One employer who participated in the survey commented: “The pandemic has shortened the time horizon for evaluating business prospects.
The environment changes so quickly that it’s hard to project conditions six months out.”
The AIM Index, based on a survey of more than 140 Massachusetts employers, has appeared monthly since July 1991. It is calculated on a 100-point scale, with 50 as neutral; a reading above 50 is positive, while below 50 is negative. The Index reached its historic high of 68.5 on two occasions in 1997-98, and its all-time low of 33.3 in February 2009.
The constituent indicators that make up the Business Confidence Index were mostly higher during August.
Employers’ confidence in their own companies rose 1.4 points to 49.0, just one point shy of an optimistic reading but still 9.2 points lower than in August 2019.
The Massachusetts Index assessing business conditions within the commonwealth lost 2.7 points to 46.1 as rising COVID-19 cases in early August prompted the commonwealth to pause its four-phase economic re-opening. The Massachusetts Index remains 17.8 points lower than a year ago.
The state’s payroll employment in July was 12.6 percent below its February 2020 level – the third worst performance after Hawaii (-16.5 percent) and New York (-14.2 percent).
The US Index measuring conditions nationally ended the month at 38.4, a 1.2-point gain for the month and a 16.8-point loss for the year.
The gap between attitudes toward Massachusetts and the nation shrank from 12 points in July – the largest in a decade – to eight points last month.
The Current Index, which assesses overall business conditions at the time of the survey, rose 2.9 points to 44.9 The Future Index, measuring expectations for six months out, dropped 1.9 points to 47.7.
The Employment Index increased slightly – 0.2 points to 47.9 – while the Sales Index, a leading indicator, rose 2.2 points to 44.8.

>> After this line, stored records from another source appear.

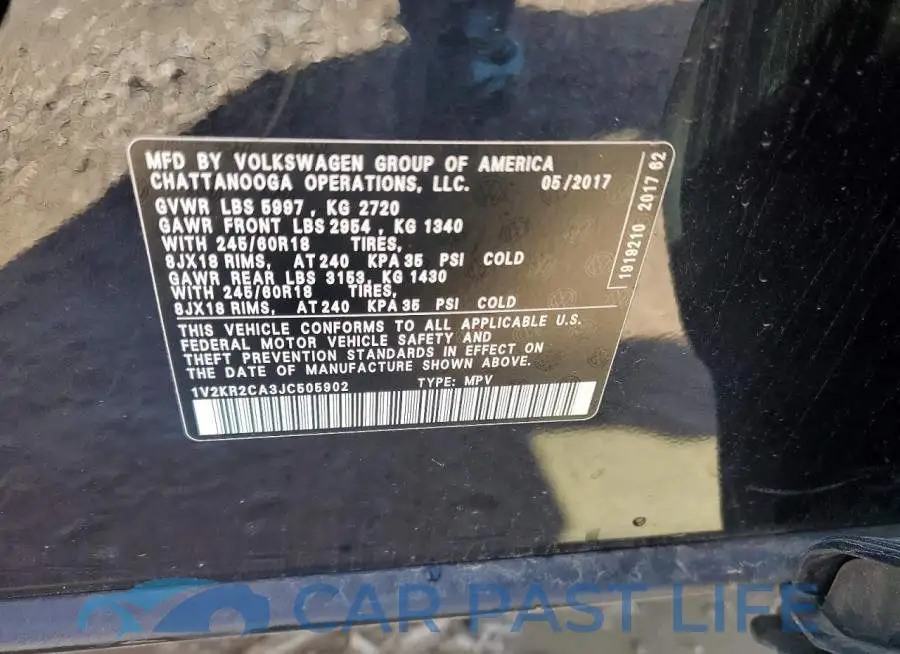 1V2KR2CA3JC505902# 13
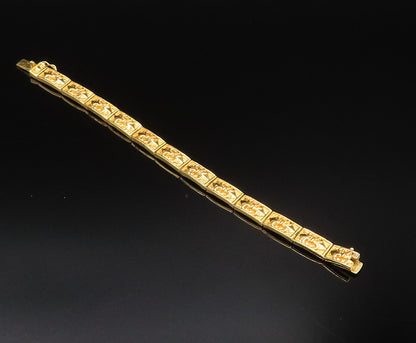 925 Silver  Vintage Gold Plated Carved Fleur De Lis Link Bracelet  BT9704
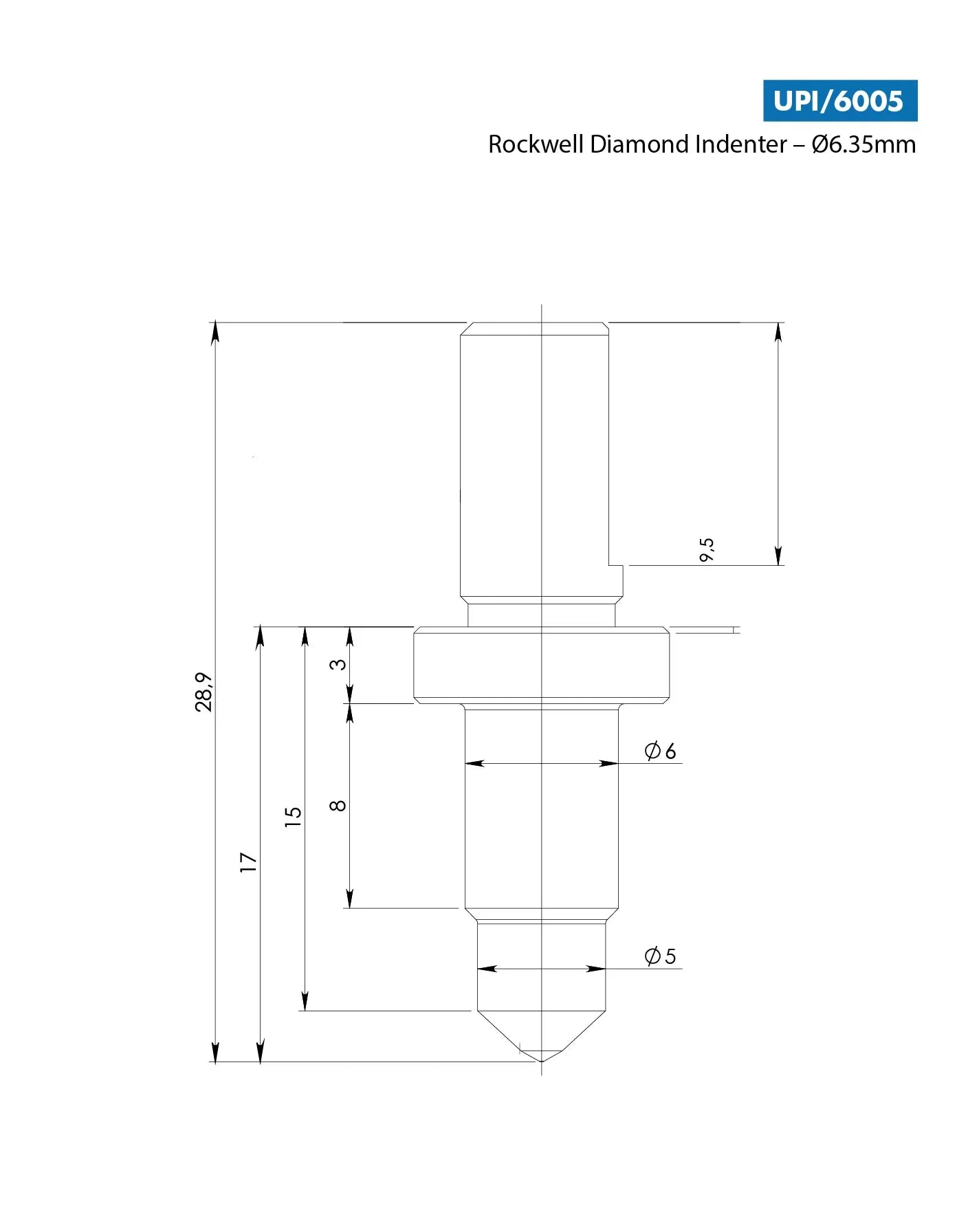 TECH Rockwell Diamond Indenter 6.35mm Shaft_C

Large companies (47.8) were more optimistic than medium-sized companies (46.1) or small companies (45.0).
Also driving confidence levels was the degree to which different industries have been able to re-open under the Massachusetts plan. Manufacturing companies (46.8), many of which have operated throughout the pandemic as essential businesses, remained more confident than non-manufacturers (45.9). And companies in manufacturing-heavy western Massachusetts (48.9) were more upbeat than those in the east (44.2).
“There is a clear disparity by industry in the effects of the economic downturn,” said Michael A. Tyler, Chief Investment Officer, Eastern Bank Wealth Management and a BEA member.
“Recent layoff announcements by UMass Amherst, Cape Cod Healthcare, MGM and several tourist destinations in the Berkshires draw a clear map of which types of organizations are being most immediately affected.”
AIM President and CEO John R. Regan, also a BEA member, said the end of August brought encouraging public-health news as the positive COVID-19 test rate in Massachusetts fell below 1 percent.
“We have said all along that resolving our economic issues and putting people back to work depends upon the ability of the medical community and the government to manage the public-health issue,” Regan said.
“Several AIM member pharmaceutical companies are among those engaged in an extraordinary race to develop COVID-19 treatments and vaccines. The clarity brought about by those advances will eventually be the medicine that also heals the state and national economies.”